- Input material -
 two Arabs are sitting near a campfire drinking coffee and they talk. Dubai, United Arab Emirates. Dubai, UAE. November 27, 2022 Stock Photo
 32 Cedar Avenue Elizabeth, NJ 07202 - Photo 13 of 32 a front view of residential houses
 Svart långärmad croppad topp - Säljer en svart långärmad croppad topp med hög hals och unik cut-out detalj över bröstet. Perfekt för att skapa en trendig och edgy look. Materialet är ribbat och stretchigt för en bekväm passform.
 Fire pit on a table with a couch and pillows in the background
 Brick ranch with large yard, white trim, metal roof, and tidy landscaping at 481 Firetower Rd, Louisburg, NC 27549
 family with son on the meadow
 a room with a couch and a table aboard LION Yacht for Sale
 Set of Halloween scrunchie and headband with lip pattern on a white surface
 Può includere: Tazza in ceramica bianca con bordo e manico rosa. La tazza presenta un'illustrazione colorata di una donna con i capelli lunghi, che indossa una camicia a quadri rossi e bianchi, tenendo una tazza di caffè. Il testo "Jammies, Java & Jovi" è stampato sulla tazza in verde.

...

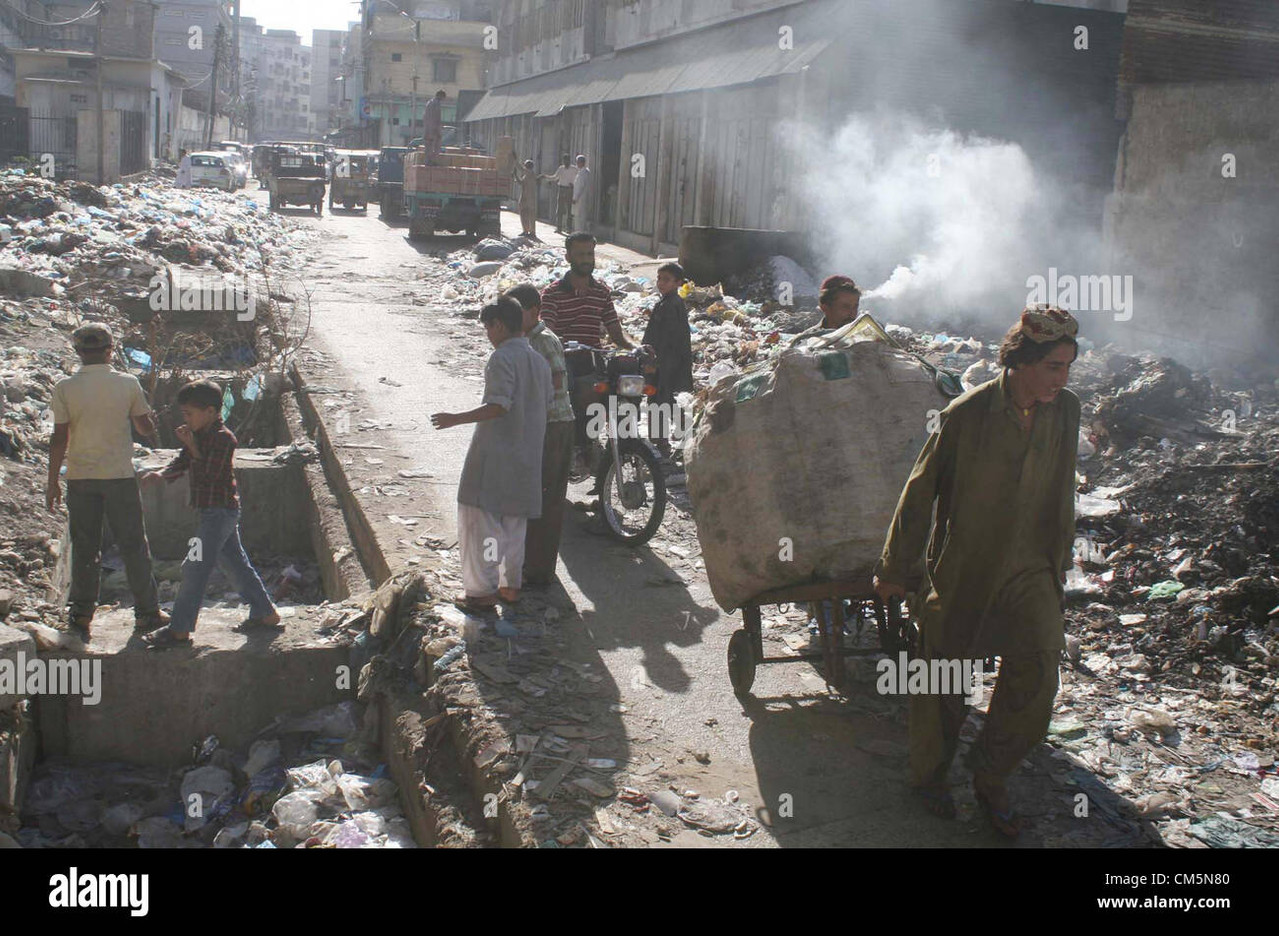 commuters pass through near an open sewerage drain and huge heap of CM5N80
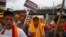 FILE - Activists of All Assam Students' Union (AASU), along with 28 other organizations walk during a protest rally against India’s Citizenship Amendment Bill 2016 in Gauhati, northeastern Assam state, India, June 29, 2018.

==

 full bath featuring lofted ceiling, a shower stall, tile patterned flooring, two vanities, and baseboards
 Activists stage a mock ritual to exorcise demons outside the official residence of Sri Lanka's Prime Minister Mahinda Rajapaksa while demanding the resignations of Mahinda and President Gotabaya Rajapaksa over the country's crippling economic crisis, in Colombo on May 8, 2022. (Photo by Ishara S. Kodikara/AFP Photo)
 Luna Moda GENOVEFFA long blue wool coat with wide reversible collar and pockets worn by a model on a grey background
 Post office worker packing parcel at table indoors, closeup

- Work item -
Starting with the line that holds "two Arabs are" and ending with the line that holds "Svart långärmad croppad topp - Säljer", retype every line in the data above exactly, and nothing else.

- Response area -
 two Arabs are sitting near a campfire drinking coffee and they talk. Dubai, United Arab Emirates. Dubai, UAE. November 27, 2022 Stock Photo
 32 Cedar Avenue Elizabeth, NJ 07202 - Photo 13 of 32 a front view of residential houses
 Svart långärmad croppad topp - Säljer en svart långärmad croppad topp med hög hals och unik cut-out detalj över bröstet. Perfekt för att skapa en trendig och edgy look. Materialet är ribbat och stretchigt för en bekväm passform.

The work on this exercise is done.